START INFORMATION

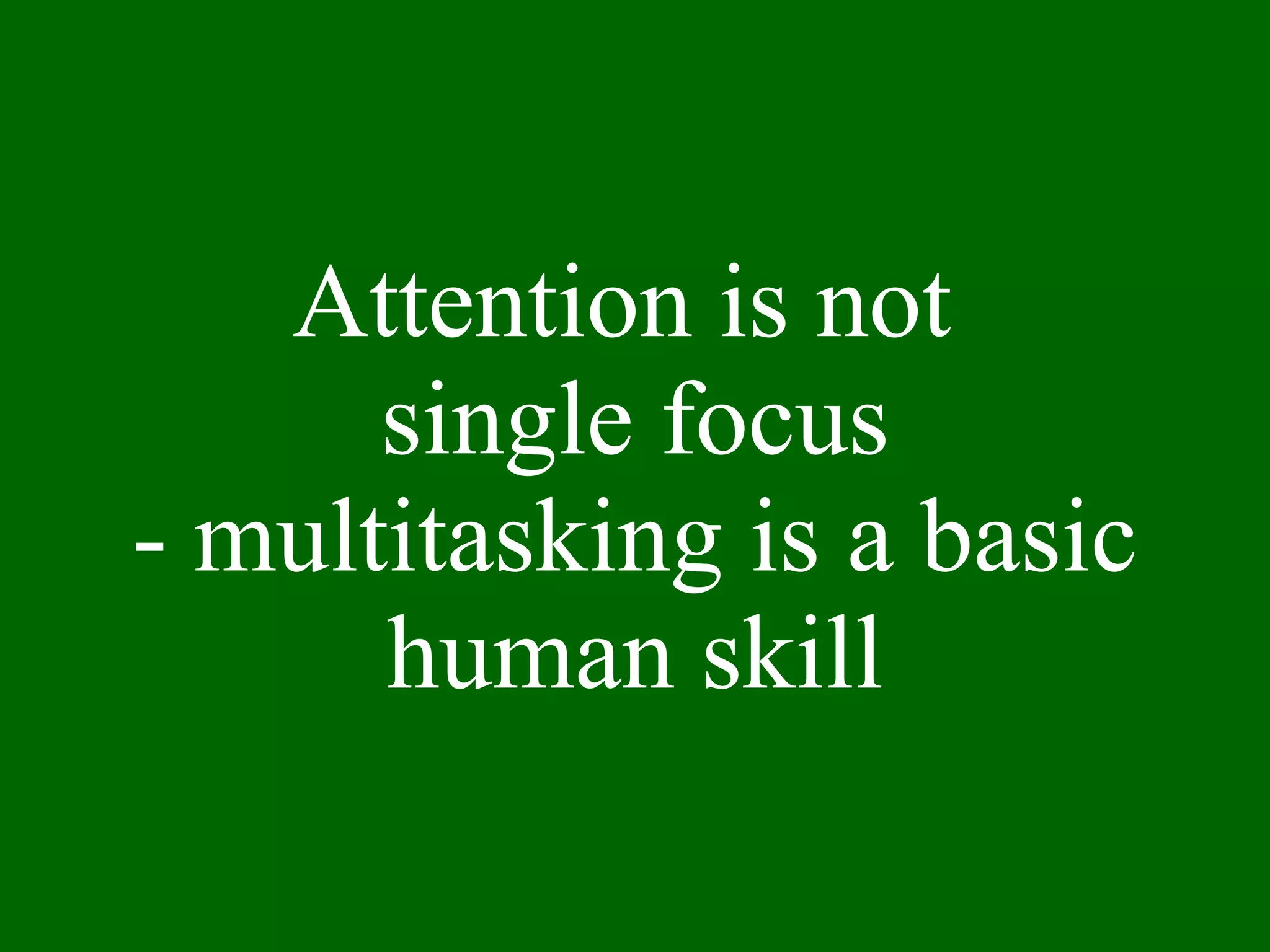 Attention is not  single focus - multitasking is a basic human skill 
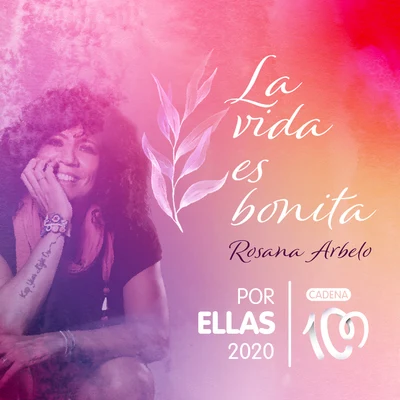 La vida es bonita (Por ellas 2020) 专辑 Rosana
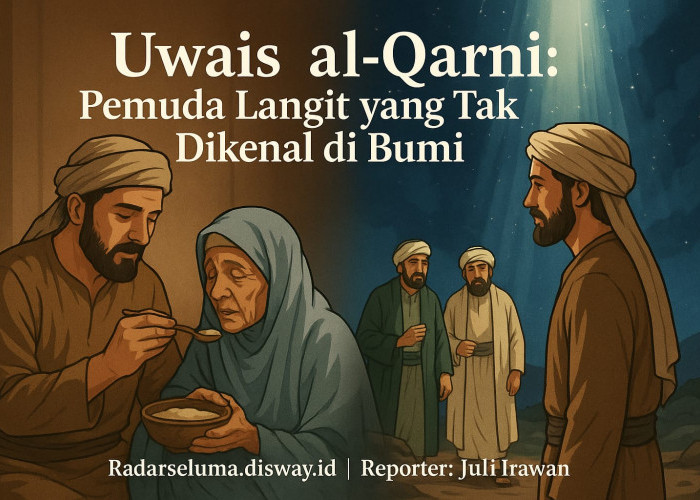 Kisah Uwais Al-Qarni: Pemuda Langit yang Tak Dikenal di Bumi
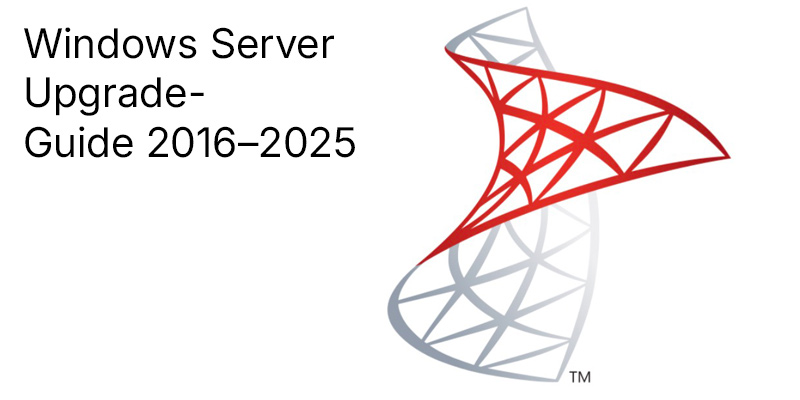 Windows Server Upgrade-Guide 2016–2025: Upgrade-Pfade, Anforderungen, CALs und Domain Controller verständlich erklärt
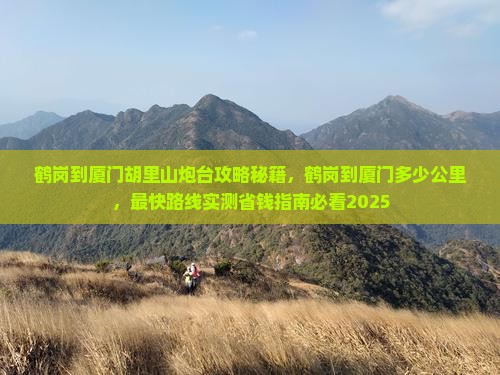 鹤岗到厦门胡里山炮台攻略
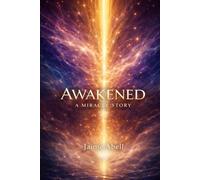 AWAKENED: A MIRACLE STORY: Book 1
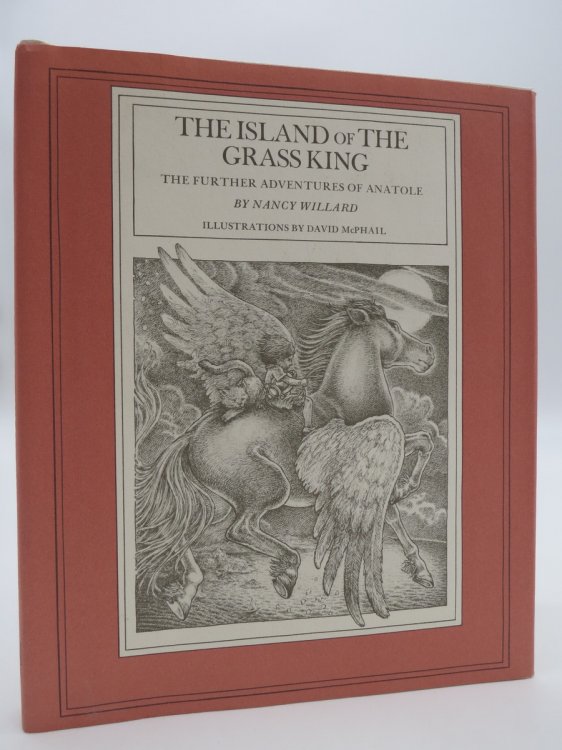 THE ISLAND OF THE GRASS KING The Further Adventures of Anatole (DJ Protected by a Brand New, Clear, Acid-Free Mylar Cover)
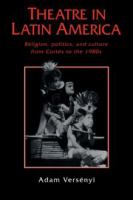 Theatre in Latin America : religion, politics, and culture from Cortés to the 1980s /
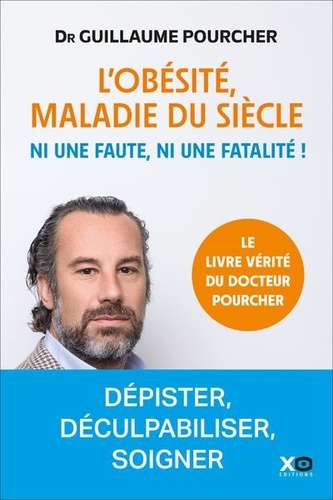 L'Obésité, maladie du siècle. Ni une faute, ni une fatalité !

END INFORMATION

PROBLEM TO SOLVE –
Pick up at the line that holds "鹤岗到厦门胡里山炮台攻略" and restate each line, word for word, through the last line of the entries. Include both end lines but none of the pictures.

EXERCISE RESPONSE –
 鹤岗到厦门胡里山炮台攻略
 AWAKENED: A MIRACLE STORY: Book 1
 THE ISLAND OF THE GRASS KING The Further Adventures of Anatole (DJ Protected by a Brand New, Clear, Acid-Free Mylar Cover)
 Theatre in Latin America : religion, politics, and culture from Cortés to the 1980s /
 L'Obésité, maladie du siècle. Ni une faute, ni une fatalité !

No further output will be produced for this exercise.